According to Lawler, “Odesk and other companies have developed crowdsourcing technologies that allow organizations to buy labor that is willing and able to perform tasks for a contracted amount. In essence, the organization relies on outsourcing much of its labor and may outsource anything from a few hours to a few months’ worth of work. It is frequently used by companies that are looking for software development, but also for less skilled labor such as survey respondents and a host of more transactional activities. “

This model is closest to what has been termed “labour on demand”. Whilst Lawler quotes its popularity in the software development sector, in the UK at least, it has spawned a much more sinister variant, the ‘zero hours contract’.

Almost unheard of in the United States and mainland Europe, in the UK, looser government employment regulations have allowed firms to employ workers with no guarantee of the number of hours work they will get each month. It’s often an unequal contract in which the worker commits to availability for work, whilst the employer makes no commitment to actually providing any minimum number of hours of work.

For employers with highly fluctuating requirements for low-skilled labour, the zero-hours contract has been a godsend. Suddenly their workforce can be increased or decreased almost in realtime. At a stroke one of their major cost problems is eliminated.

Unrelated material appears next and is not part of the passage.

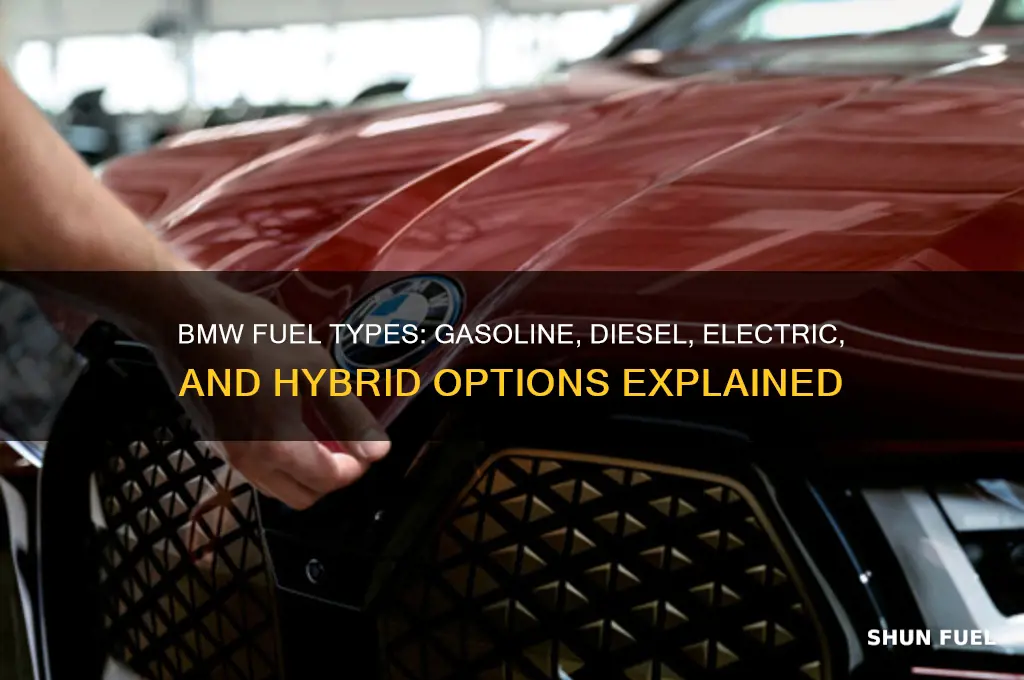 what type of fuel does a bmw use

But this isn't the end of the story. When we consider this development alongside the impact of technology on jobs which is deskilling some work and eliminating other jobs altogether, we get a glimpse of a seriously distopian future.

In an employment sector which was merely providing work for people who wanted to earn small second incomes, this would be a good thing. The terrible realty in a depressed jobs market is that this type of work has exploded and for many low-paid workers, it is the only work they can find.

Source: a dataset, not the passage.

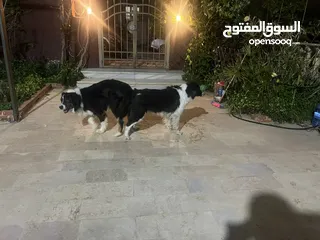  2 لاول مرة في الوطن العربي اذكى كلب في العالم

From a small base of around 50,000 UK jobs in 2005, zero hours contracts have grown and grown. The Office for National Statistics (ONS) quotes that there are now a staggering 1.4 million zero hours contracts in use in the UK in 2014!

N.B. Here's a link to the latest (Autumn 2016) report and stats about zero hours contracts from the Office for National Statistics.

Of course the government loves zero hours contracts because along with the growth in 'self-unemployment', such ‘jobs’ allow the government to report falling unemployment. It’s spin and it supports the growth in wealth inequality.

Worse it’s now a feature of many ‘respectable’ firms’ employment practices. According to Wikipedia, one of the UK's largest pub chains, J D Wetherspoon has 24,000 staff, or 80% of its workforce, on contracts with no guarantee of work each week. 90% of McDonald's workforce in the UK - 82,000 people - are employed on a zero-hour contract. Britain’s biggest and most troubled supermarket chain, Tesco uses zero hours contracts.

A major franchise of Subway also uses the contracts, which state, "The company has no duty to provide you with work. Your hours of work are not predetermined and will be notified to you on a weekly basis as soon as is reasonably practicable in advance by your store manager. The company has the right to require you to work varied or extended hours from time to time." Subway workers are also required, as a condition of employment, to waive their rights to limit their workweek to 48 hours.

Boots UK has 4,000 staff on zero-hours contracts. Even Buckingham Palace, which employs 350 seasonal summer workers, now uses zero hours contracts.

My take is that hard cash will always trump elegant academic and ethical arguments in most businesses, most of the time. And since the cost of labour is usually the largest part of any business's operating costs, what we are witnessing isn’t a growth in employment options, it’s a relentless movement towards less and less secure employment and lower incomes for most people most of the time.

1 comment:

  1. Big retailers have no guarantees to their employees, and no fixed schedules.

    Friend's son is averaging 4 hours a week for a retailer, for example, but is expected to be on call 7 days a week.